» Exercise description
Once the pictures are set aside, transcribe the remaining data exactly.

» Raw data
━━━━━━━━━━━━━━━━━━━━

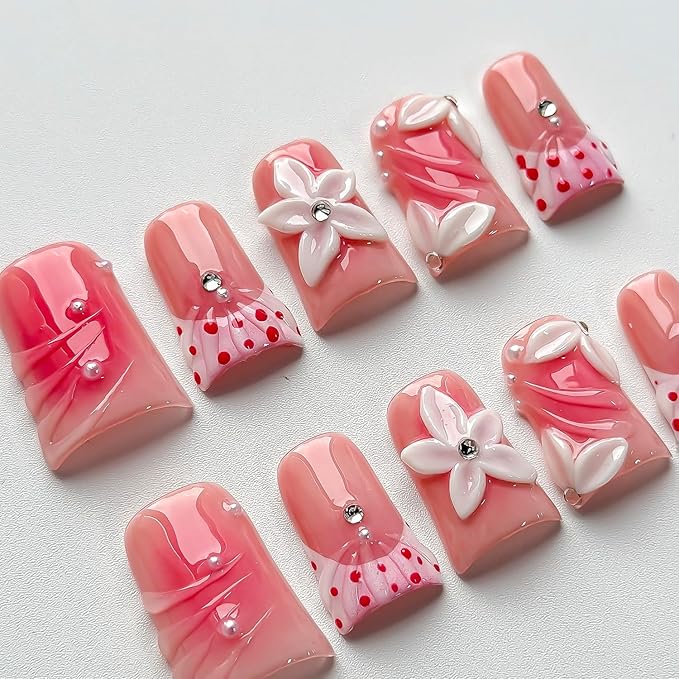 Luxury Press on Nails Short Duck Handmade 3D Unique Reusable ABS Material Fake Nails Pink French Tip False Nails with Designs Flower Rhinestones Polka Dots Glossy Glue on Nail Thick Acrylic Nail(S)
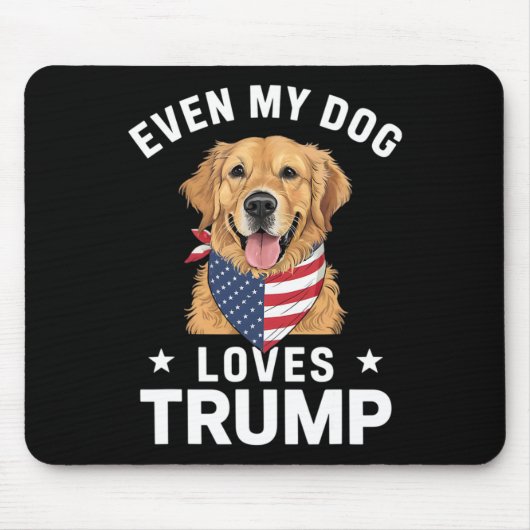 Zelfs mijn hond houdt van Trump USA vlag Bandana Muismat (Voorkant)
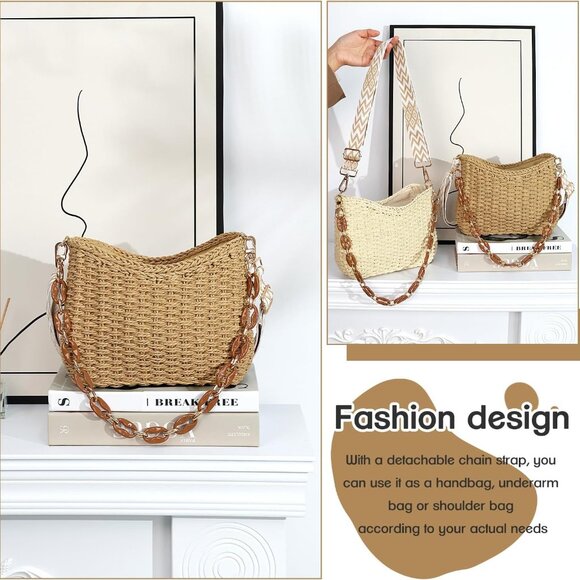Straw Handbags Purses Crossbody Pocketbook Bag Casual Woven Beach Bags Summer Ho - Picture 3 of 6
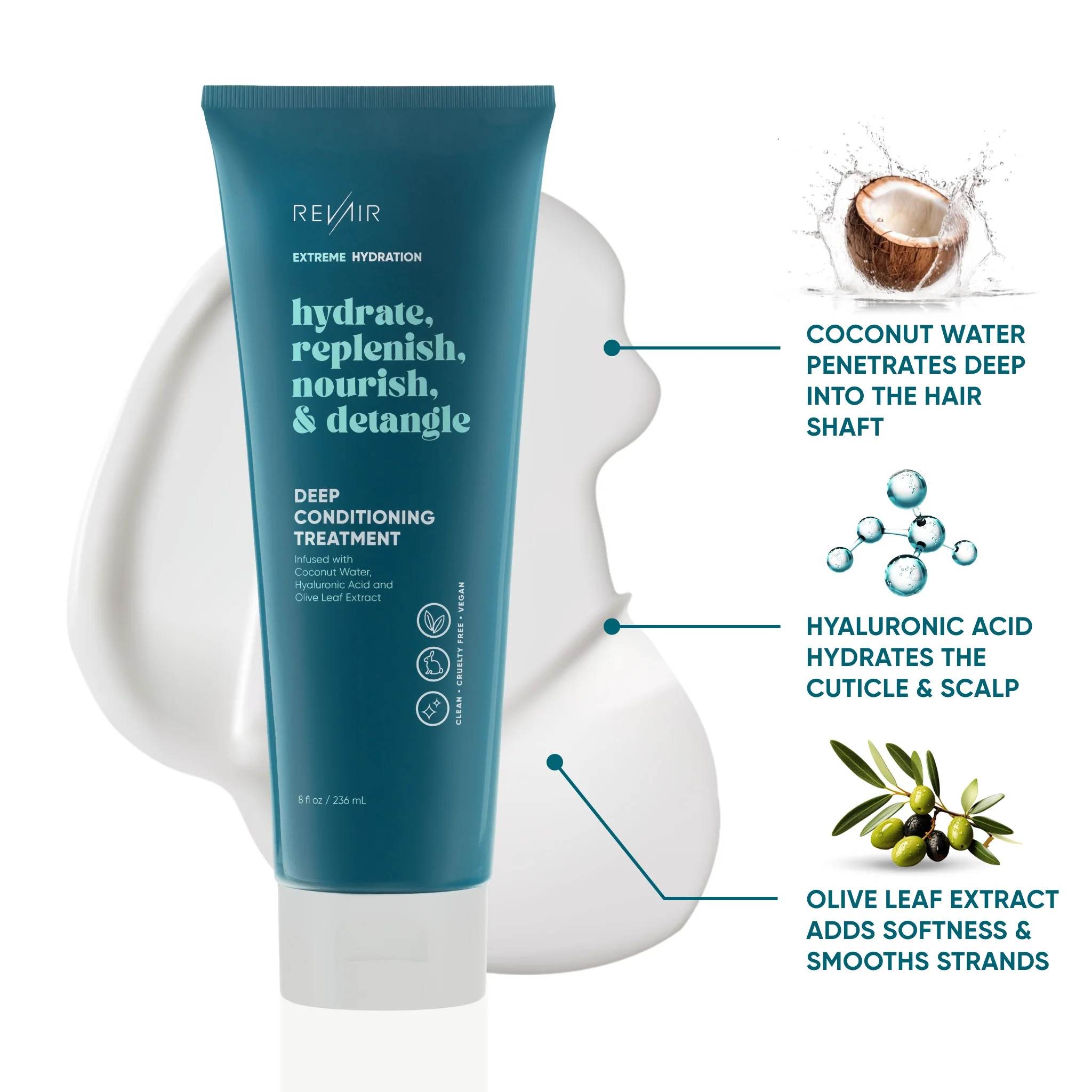 RevAir Deep Conditioning Treatment (8 oz) hair mask to restore hydration and shine | RevAir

━━━━━━━━━━━━━━━━━━━━

» Response to the exercise
 Luxury Press on Nails Short Duck Handmade 3D Unique Reusable ABS Material Fake Nails Pink French Tip False Nails with Designs Flower Rhinestones Polka Dots Glossy Glue on Nail Thick Acrylic Nail(S)
 Zelfs mijn hond houdt van Trump USA vlag Bandana Muismat (Voorkant)
Straw Handbags Purses Crossbody Pocketbook Bag Casual Woven Beach Bags Summer Ho - Picture 3 of 6
 RevAir Deep Conditioning Treatment (8 oz) hair mask to restore hydration and shine | RevAir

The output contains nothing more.